Radiofrequency ablations (RFA), a new therapeutic option for liver metastases, proceeded by open surgery or laparoscopic approach, provide an acceptable control of local tumor process, involved lower risks than resection surgery.
Objectives: We analyzed this procedure, for classic indication in hepatic metastatic tumors, based on four years experience, focused on perioperative complications, recurrence rate and long distant evolution.
Method: Between December 2006 and December 2010, 61 patients with liver metastases underwent RFA; 46 cases had metastatic lesions from colo-rectal cancer, 9 cases from breast cancer, 4 cases from gastric cancer and 2 cases from ovarian cancer. RFA was performed in 55 patients via open surgery and laparoscopic approach in 6 patients. Postoperative course was followed with CT scan at 1 month, and then at 3 month interval, in correlation with tumor markers level.

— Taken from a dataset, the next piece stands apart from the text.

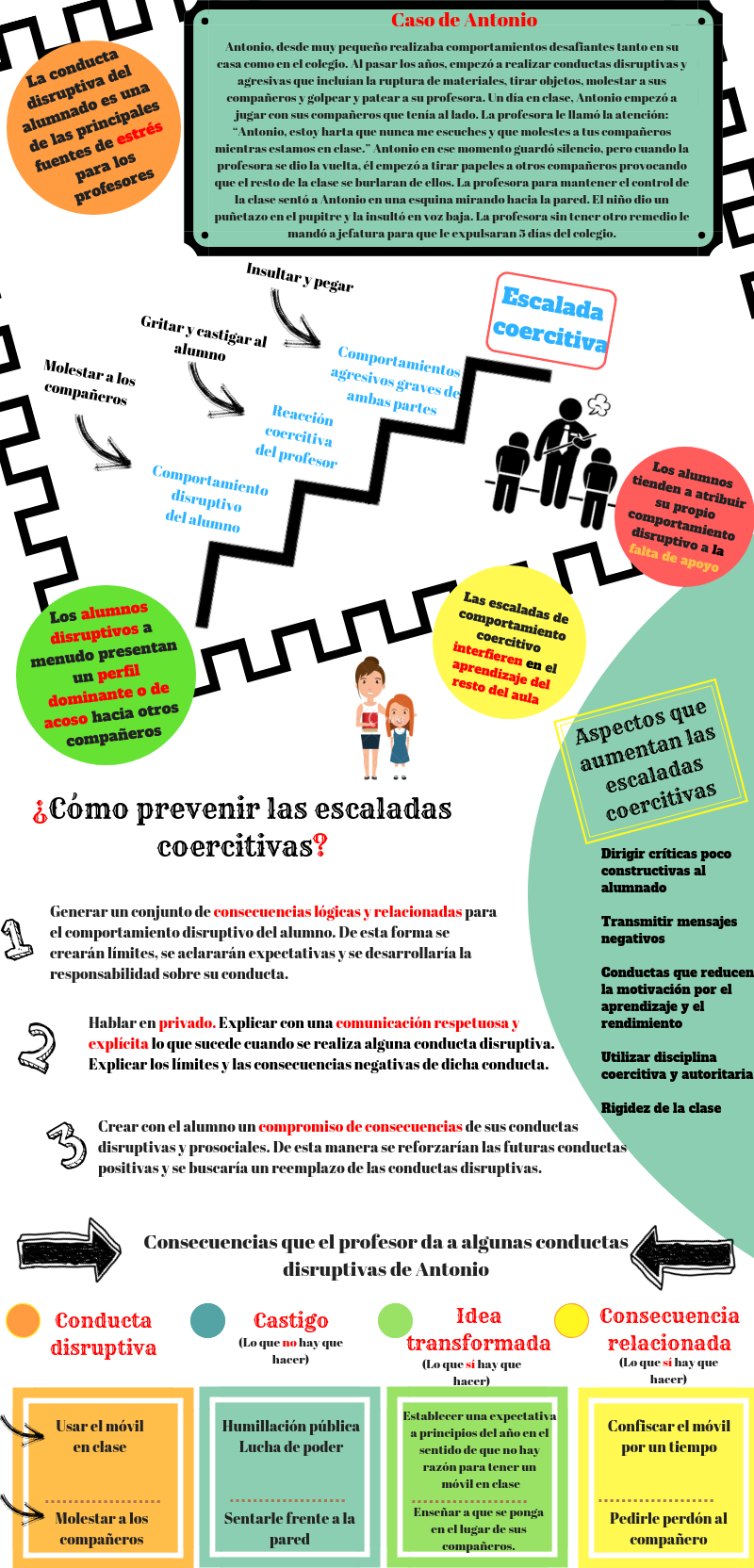Infografía un caso especifico y como evitar las escala coercitivas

Results: Perioperative complications occurred in 8 cases, consist of prolonged fever, severe hepatic cytolysis, without other complications such, biliary tract injury, hemorrhage, and peritonitis; no mortality caused by RFA procedure. 10 cases had local recurrence, at 6 and 25 month after post RFA procedure.
Conclusions: Initial experience shows that RFA is a safe procedure for treatment of liver metastases, with low rate of morbidity and local recurrence, indicated for patients with unresecable lesions or high risks for surgical resection.